If Dr. Ken Berry actually meant to say that you need to eat saturated fat for your nerves and brain, he flunks Biochem 101. First of all, your body can make all the saturated fat you need out of carbs and proteins. You don’t need to eat ANY saturated fat. Second, the most common fatty acid in your brain is the polyunsaturated fatty acid (PUFA) called DHA, which you DO need to eat, because you can’t make it from non-fats (you need to eat it or EPA in things like seafood, or at least the precursor omega-3 PUFA called ALA in cold-climate plants.) Ironically enough, ALA is common in Canola oil, which Dr. Berry deprecates, but not in the tropical plant oils that he likes. More on that later.

A diet with a lot of saturated fat is NOT the best for the heart. The American Heart Association continues to recommend low saturated fat diets (with the missing sat-fat replaced by mono and polyunsaturated fat, not by carbohydrates) because the evidence from animal and human trials and even properly controlled epidemiology, shows these the best diets (see reference below—an extensive review of meta analyses [1]). Examples are the DASH hypertension diet and the closely-related Mediterranean diet (which has lots of olive oil for monounsaturated fatty acid, and seafood for DHA). If Dr.

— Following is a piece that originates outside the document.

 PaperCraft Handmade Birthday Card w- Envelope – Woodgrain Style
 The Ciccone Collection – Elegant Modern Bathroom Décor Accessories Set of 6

Berry thinks he has something better than the Mediterranean diet for longevity, what is his direct evidence?

Saturated fat, of course, is used by the body to make cholesterol (you don’t need to eat any cholesterol for this reason), and it does raise cholesterol levels and it does increase atherosclerosis in nearly every controlled prospective experimental model in animals and humans. This is the gold standard of evidence in medicine.

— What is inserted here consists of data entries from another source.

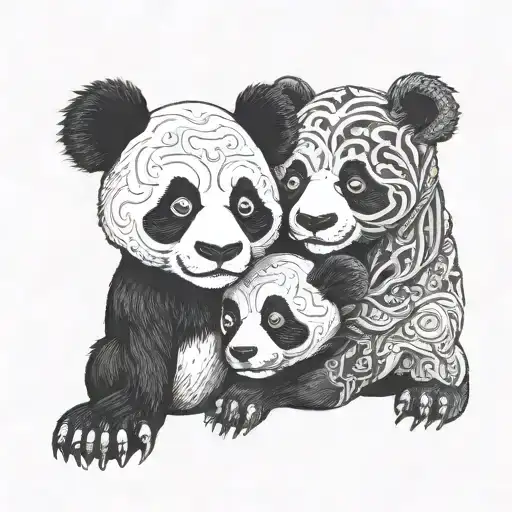 Savage Panda With 2 Baby Pandas Wrestling Eachother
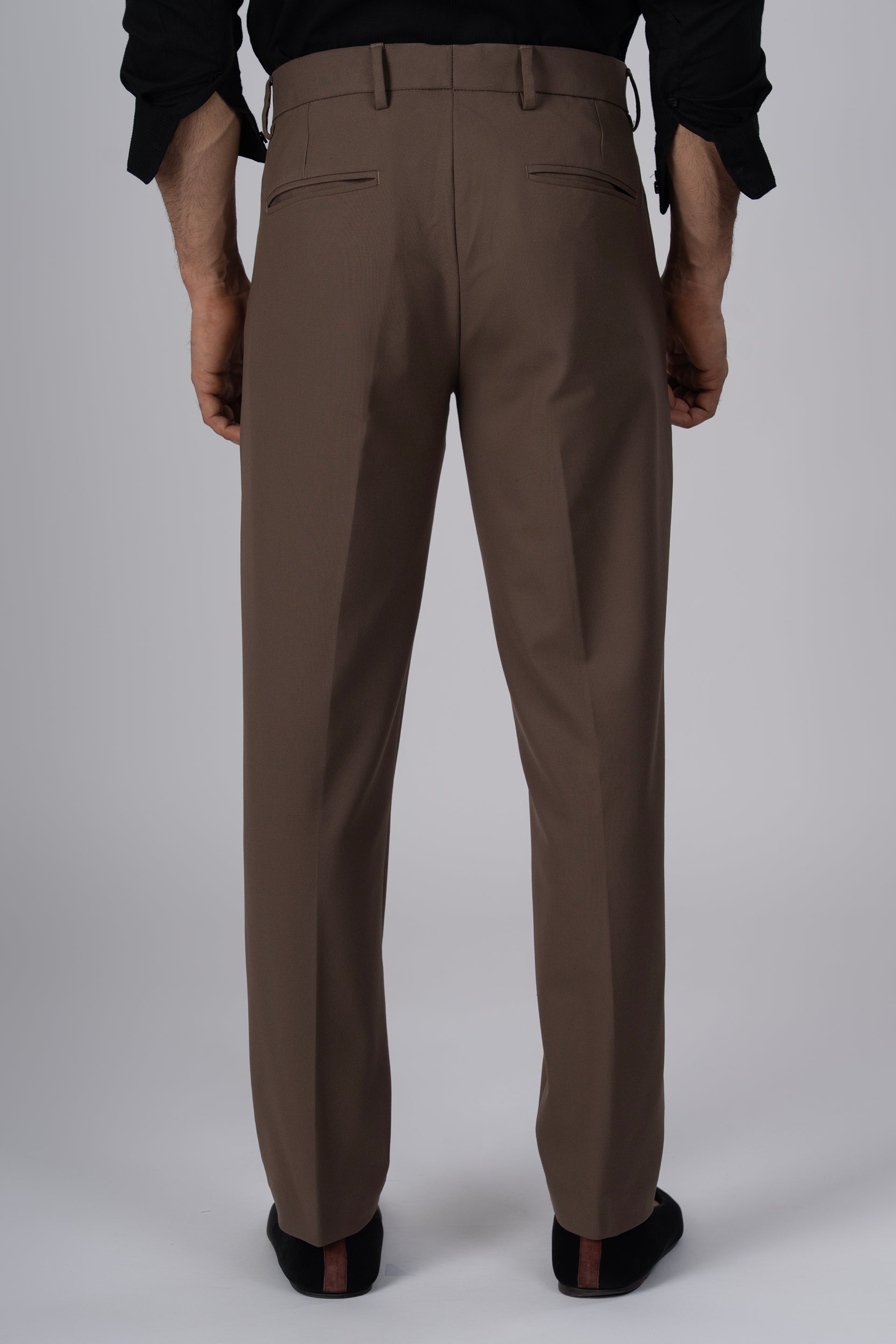 Easy Iron Tailored Office Trousers In Cocoa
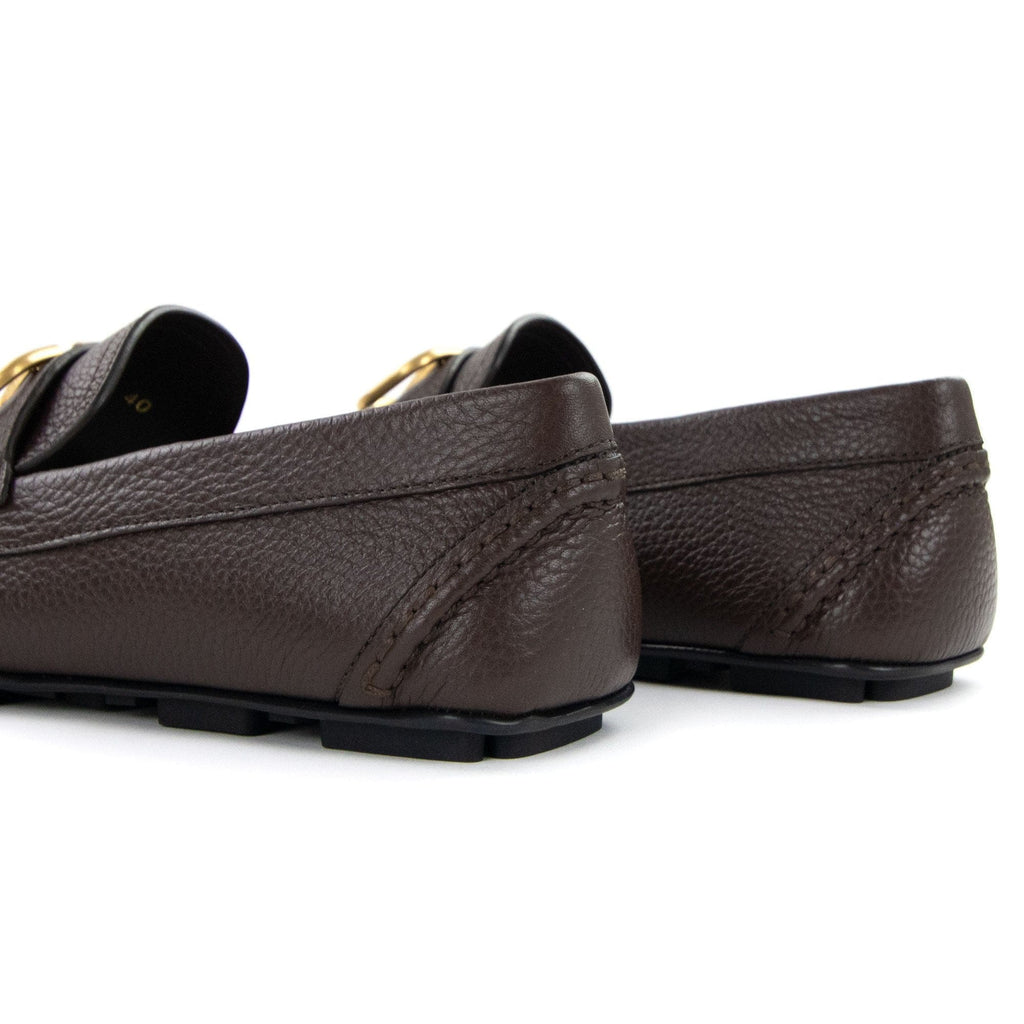 Valentino V Logo Calfskin Driving Shoe Brown 0to
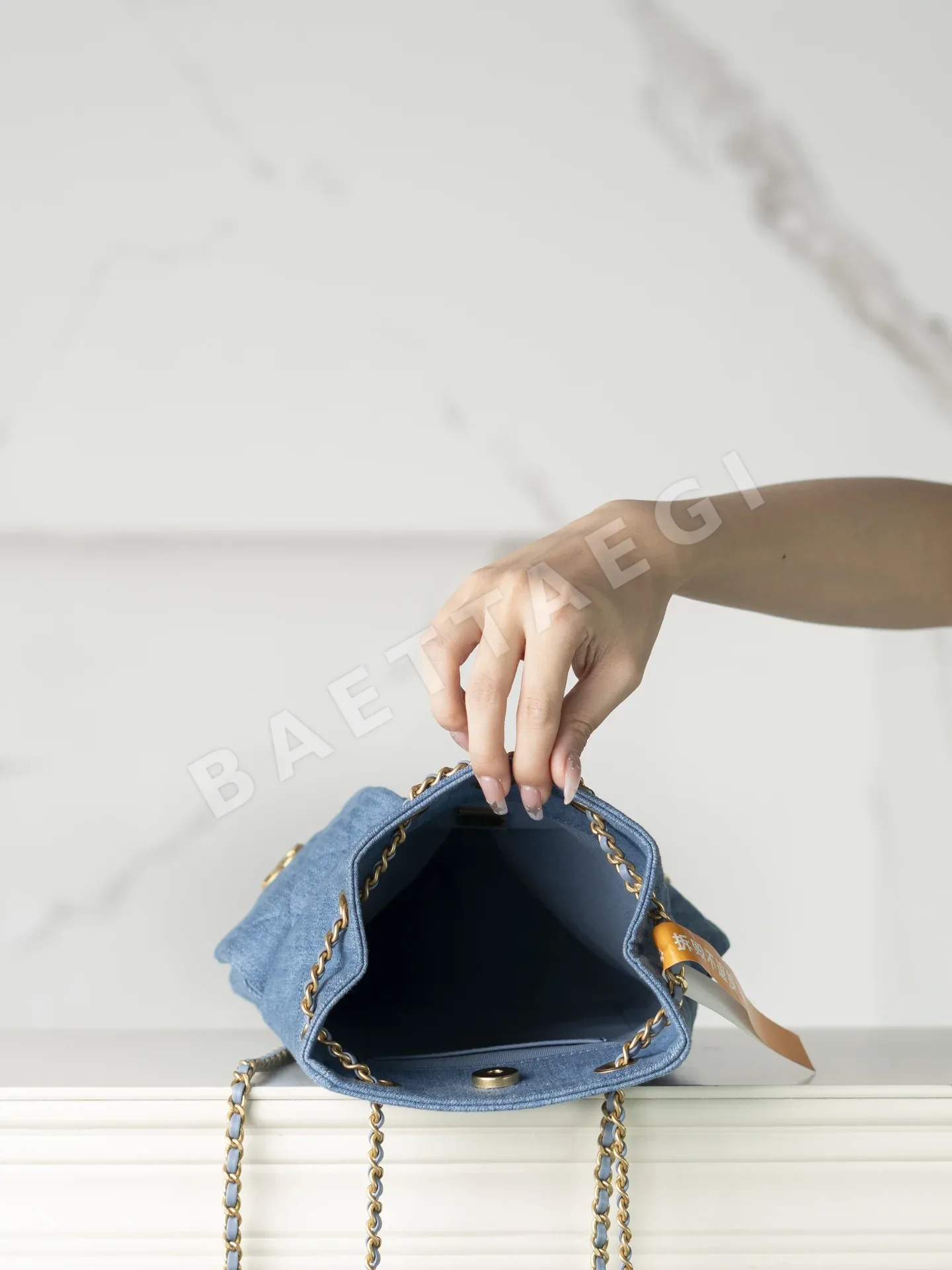 샤넬 데님 골드 장식 백팩 상세 이미지 8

One can go only so far with epidemiology, because occasionally when one bad thing (saturated fat) is heavily replaced for calories by another bad thing (certain carbohydrates) one detects no epidemiologic effect from changing just the first thing.

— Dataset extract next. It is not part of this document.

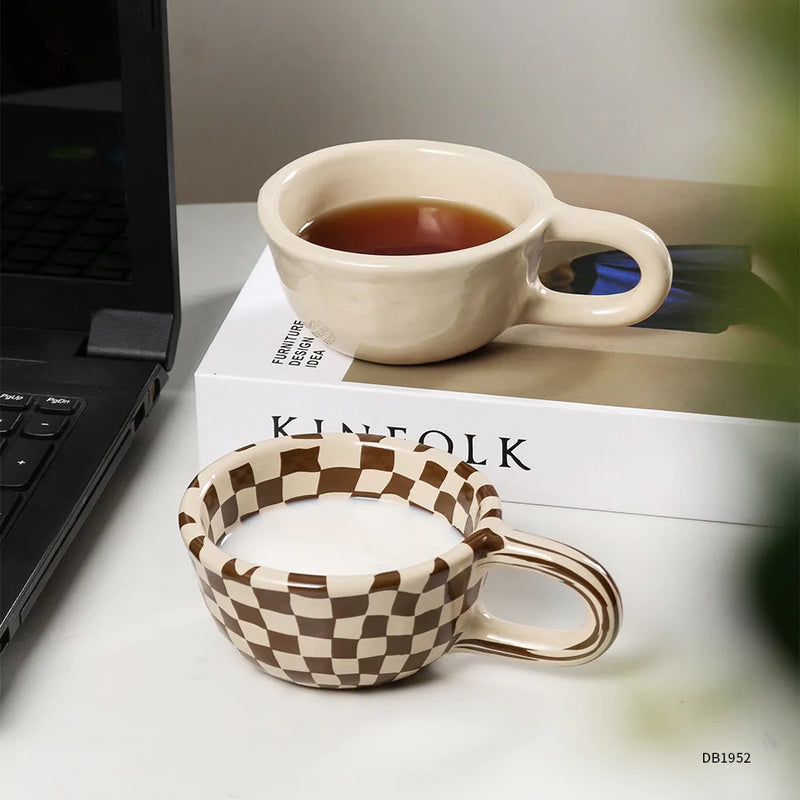 Afralia™ Retro Checkerboard Ceramic Coffee Cup - Personalised High-Looking Mug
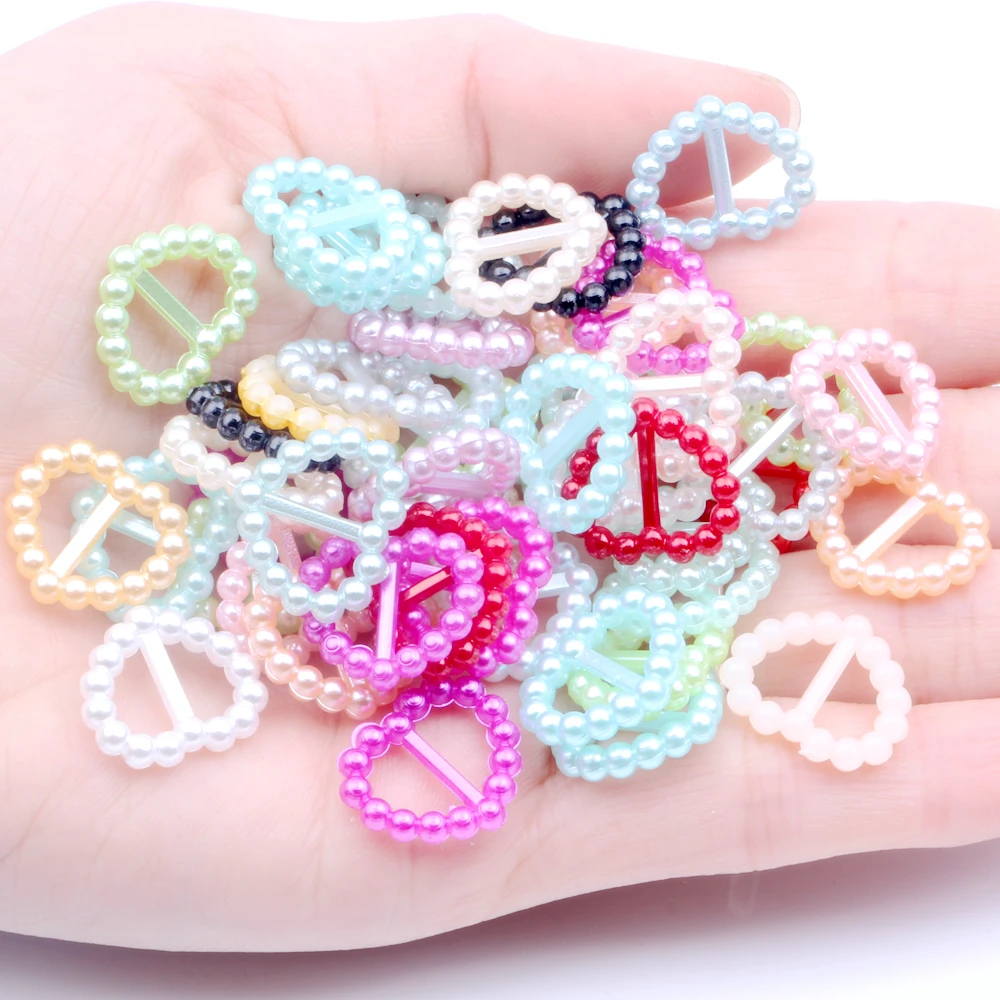 

1000pcs 16x15mm 8mm Inner Bar Heart Shape Buckle Pearls Many Colors Diamante Diy Crafts Jewelry Making Accessories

That happens with various high and low saturated fat diets around the world enough to make saturated fat look benign as a single input variable. It is not. Rather, what these studies really show is that replacing butter with sugar or high glycemic carbs gives you a diet equally bad for the arteries. One cannot see how bad that is, until one compares these with low-carbohydrate, low-saturated-fat diets, which are less common, but better. The double-negative tradeoff of carbs and saturated fats (where carbs are a statistical “confounder”) is one of those occasional cruel misdirectional things that happen with imperfectly controlled past-observations, but (again) it’s why biomedical knowledge consists of more than just epidemiology.